Published by achmad dharmawan on

Assalamualaikum wrwb.
       Saudaraku yang dirahmati Allah, mari kita syukuri anugrah Allah Swt, hari ini kita sehat afiat dan dapat melaksanakan aktifitas kita tanpa ada halangan. Itu semua semata karena pertolongan-Nya. Jangan lupa kita niatkan untuk beribadah karena misi hidup kita diciptakan oleh Allah di dunia ini hanyalah untuk mengabdi kepada-Nya. Semoga kesyukuran kita Allah makin sayang pada kita dan menambah kenikmatan-Nya pada kita. Shalawat dan salam mari kita senandungkan untuk Baginda Rasulullah saw, keluarga, dan para sahabat. Dengan shalawat dan salam, semua kesulitan akan diberi jalan keluarnya dengan kemudahan oleh Allah Swt.
       Saudaraku, fordipas adalah singkatan dari Forum Direktur Pascasarjana Perguruan Tinggi Keagamaan Islam Negeri (PTKIN). Insyaa Allah hari ini 3-5/5/2017 menggelar acara rapat kerja bersama di IAIN Palangkaraya Kalimantan Tengah. Insya Allah akan hadir Direktur PTKI Prof. Dr. nizar, MA, Direktur Penjaminan Mutu Pendidikan Tinggi Kemristek dikti RI, Prof. Dr. Aris Djunaidi, MA, dan Kabiro Keuangan Kementerian Agama RI.

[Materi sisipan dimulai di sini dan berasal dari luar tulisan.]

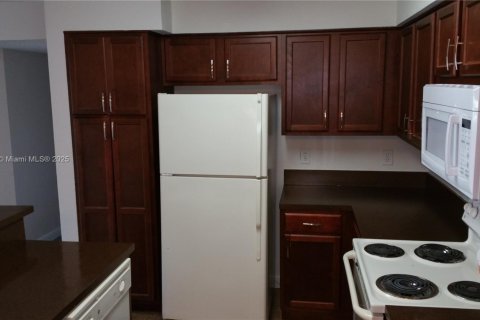 Copropriété à louer à Tamarac, Floride: 3 chambres, 130.81 m2 № 1946771 - photo 7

       Agenda yang dibahas adalah membahas tentang pertama, soal pola rekruitmen beasiswa 5.000 doktor yang difasilitasi oleh Direktorat Jendral Pendidikan Islam Kementerian Agama RI. Selama ini rekruitmen dilakukan secara terbuka dan online dengan berbagai distingsi pasa masing-masing pascasarjana PYKIN. UIN Walisongo Semarang misalnya dipercaya menjadi distingsi mengelola program doktor (S3) Ilmu Falak, UIN Yogya tentang Kajian Islam Interdisipliner, UIN Sumatra Utara tentang Ekonomi Islam, UIN Malang tentang Bahasa Arab, dlsb.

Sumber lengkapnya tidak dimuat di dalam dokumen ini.